Metal was a tough sell in early-90s Singapore, but it has become more accepted as bands like Metallica have hit the mainstream on an international scale. Still, it’s extremely rare to see a metal act from Southeast Asia come through town.

“This could be primarily due to the fact that Singapore does not have a healthy music industry. Bands find it very difficult to survive just being down in Singapore,” Kathir says. “And the big metal audience happens to be in the American continent and also the European continent. For bands to tour to America or Europe, it’s very, very expensive.

“So what happens is, slowly, as time goes by, bands do give up. Because they find that they couldn’t get the attention, they couldn’t get the exposure, and neither can they sell enough to sustain their career.

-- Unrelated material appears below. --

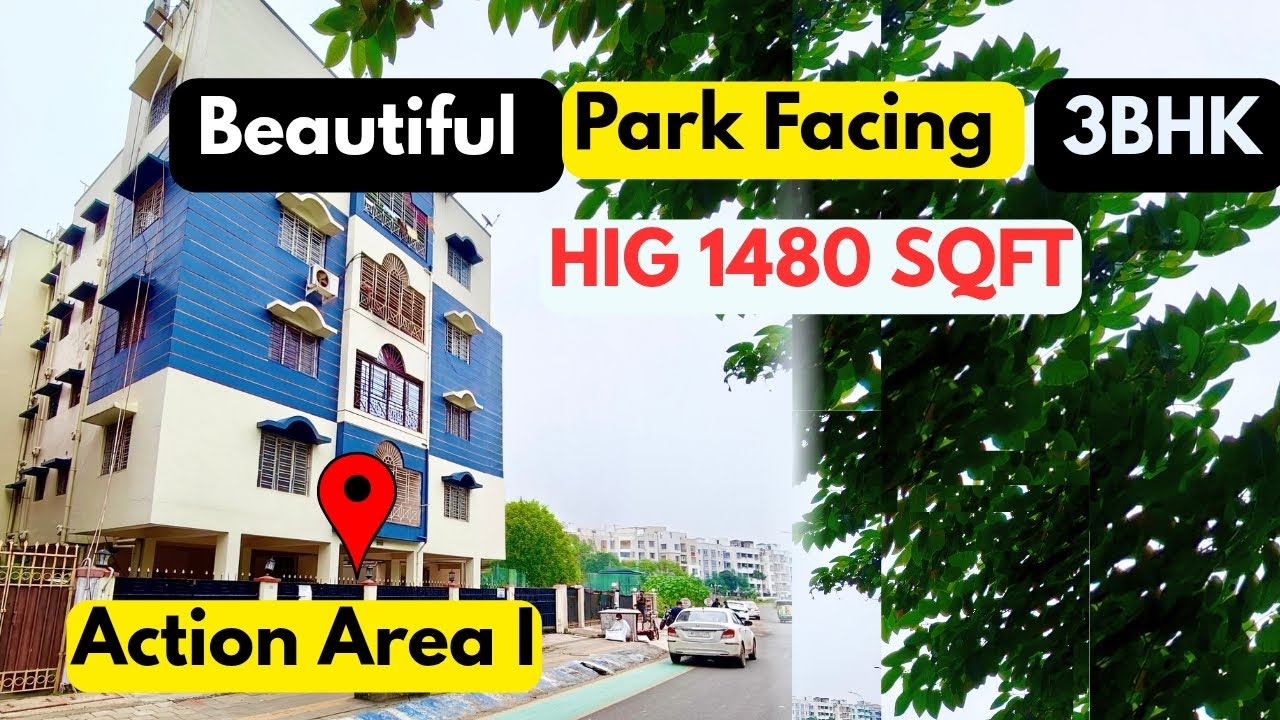 Beautiful Park View HIG 3bhk flat in action area 1 Newtown Kolkata #3bhkflat #realestate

Most bands eventually realize that you’re better to just have an 8-to-5 job and just take care of your family.”

Rudra has bucked the trend by consistently touring and recording to slowly build its name – and perhaps more importantly, by always being open to experimentation.

Last November, for instance, the band played the annual Indian Arts festival Kalaa Utsavam in Singapore, where it performed with accompaniment from an Indian flute, female classical vocals and chants, and traditional dancers.

And get this: Rudra recently got in touch with a dance theatre about staging an extreme metal opera.

By incorporating other art forms, Rudra has also found mainstream acceptance at home – last August, it became the first extreme metal act to headline the Singapore alternative music festival Baybeats.

“Lots of bands, how they would define progression, would be … to change their music to become less extreme,” Kathir says.

“We would like to maintain the extremity we have in the music that we play, but rather explore the new frontiers … performances that are out of the ordinary.”